Audit slams Gaines for lack of ‘checks and balances’
Firm claims $100K improperly paid out
GAINES – An audit of the town of Gaines blasts town officials for not establishing formal policies and procedures for expense reimbursements, cash receipts, fuel usage and other functions and operations within the town.
The report from Bonadio and Company was presented during Tuesday’s Town Board meeting. The firm said there are “several deficiencies” in internal controls, as well as a lack of “checks and balances.”
Town Supervisor Carol Culhane sought out the forensic audit after a recent audit cited several deficiencies in internal controls.
“There will be some serious questions that have to be answered,” Culhane said today. “The audit on Tuesday was the first step. There will be more to come.”
The town is seeking advice from the Connors and Vilardo law firm in Buffalo over whether to pursue civil or legal action. Attorney Terrence Connors presented the audit results at Tuesday’s board meeting. (The document is also available on the town web site. Click here to see it.)
In the Bonadio audit, the firm noted what it said were improper mileage reimbursements for Town Clerk Jean Klatt. She claimed reimbursement for a conference to Saratoga from April 22-25, 2012. She was reimbursed $260.10 for the trip. However, she carpooled there with three town clerks and the town of Byron had already been paid Gaines’s share of the trip when Klatt sought the full reimbursement, seven months after the event.
Klatt also was faulted in the audit for claiming 20 miles of mileage for trips to Albion on April 23 and April 25, when she was at the Saratoga conference.
“An employee and/or elected official submitting expense reimbursement requests for expenses not incurred is a punishable offense, and one that should not be taken lightly by the Town,” according to the audit.

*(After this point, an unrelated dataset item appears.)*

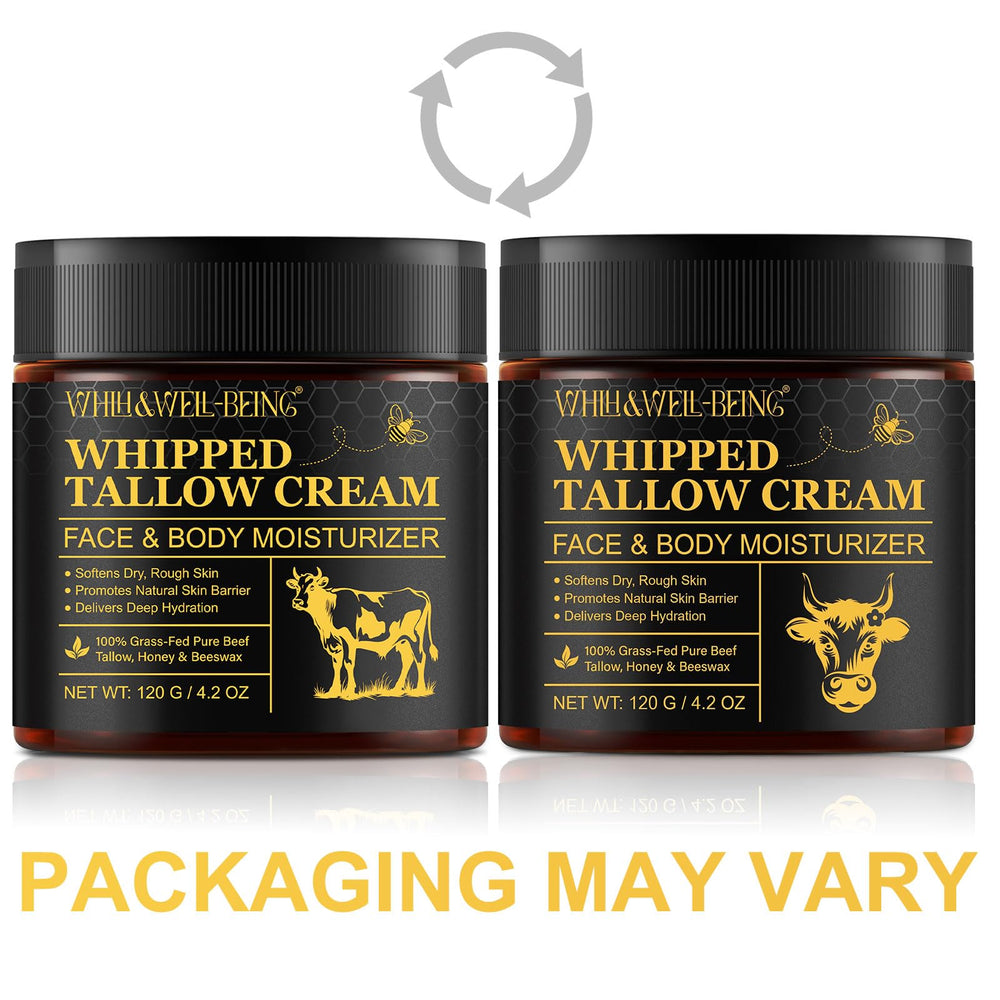 WHLH WELL-BEING beef tallow honey balm raw ingredients closeup showing natural components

Klatt and Highway Superintendent Ron Mannella each received $10,400 buyout options in 2011 and 2012. They weren’t eligible for the buyout because they aren’t members of the town’s union, which includes highway department employees. Union employees only were eligible for the $10,400 health insurance buyout, but the Town Board approved it for both Mannella and Klatt.

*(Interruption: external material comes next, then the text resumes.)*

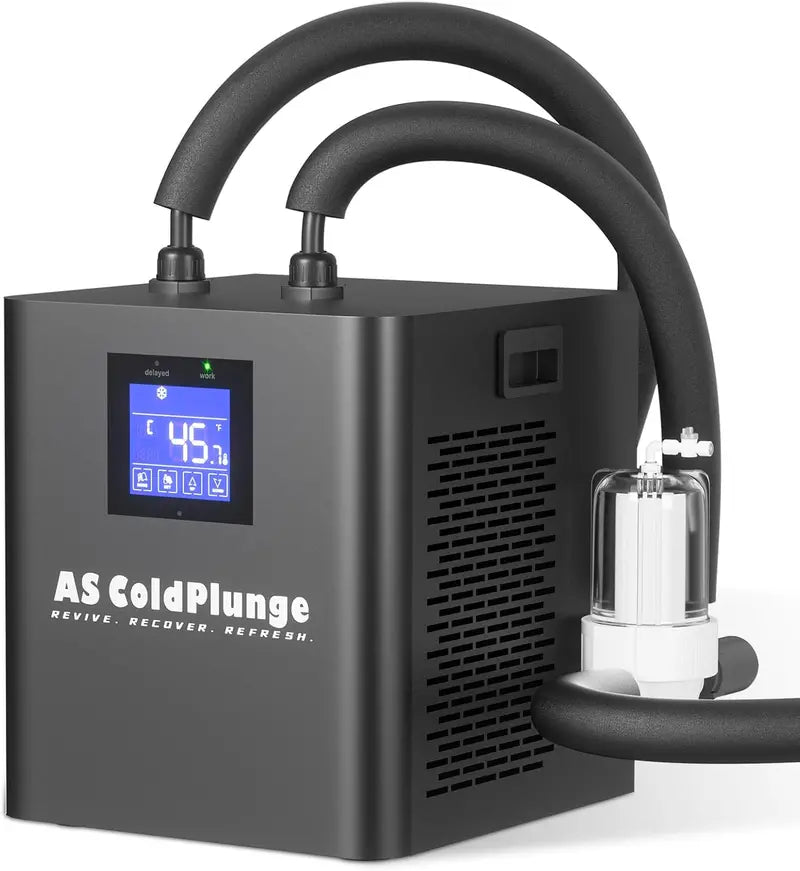 1/3 HP Cold Plunge Water Chiller ¨C Upgraded External Filter &amp; Pump System for Home Ice Bath Recovery Tubs (110V)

The board last year voted against offering the bigger buyouts for the highway superintendent and clerk for 2013, reducing the health insurance buyout for the two to $2,500 each.

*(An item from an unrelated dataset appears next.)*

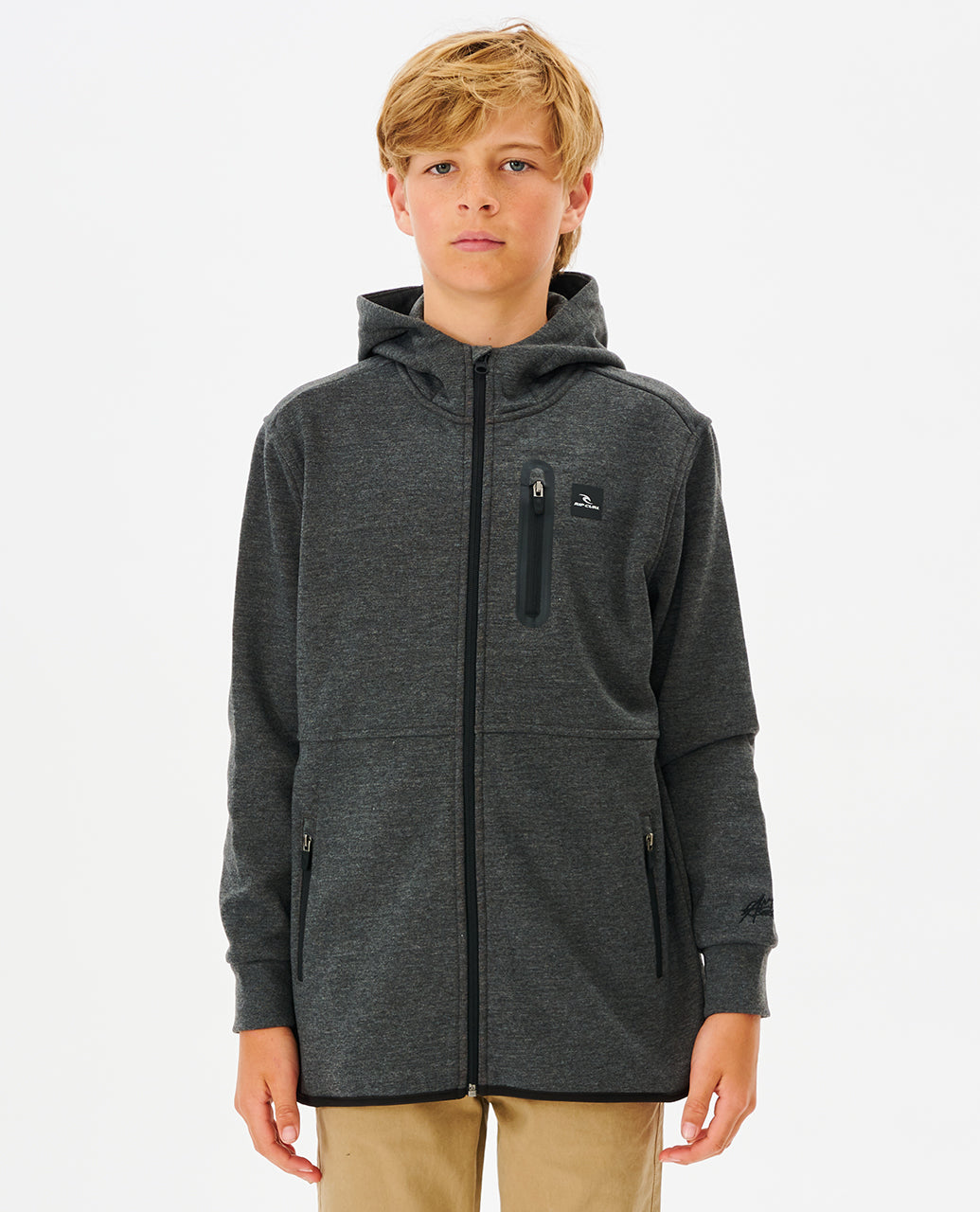 Felpa Cappuccio Zip Rip Curl Departed Anti-Series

Mannella was faulted for signing off on $79,423 to a vendor from 2010 to 2013 for services and materials that have not been received by the town.
“The Highway Superintendent knowingly signed a document stating that materials and services were rendered, when in fact none were provided,” according to the audit.
Bonadio said the highway superintendent would pre-pay for services and materials to use up his budgeted funds to avoid budget cuts in the future. Bonadio said that practice did not allow the Town Board to manage the actual costs for the department and resulted in a tax levy that was “unrealistic.”
Bonadio questions the “ethical nature” and validity between the vendor and highway superintendent for providing invoices that were approved when the services weren’t rendered.
Bonadio said the vendor, Barre Stone Products, should refund the $79,423 immediately and the highway department should stop the practice of spending down its budget because annual expenditures often are not accurately reported.
The town had not completed an audit since 2007. Culhane was elected in November 2011 and took over as town supervisor in January 2012. She was inquiring about a grant for local government consolidation efforts when she realized the town hadn’t been audited since 2007.
She called the town supervisors at other local towns to see how they handled audits.
“They all said it should be done every year,” she said.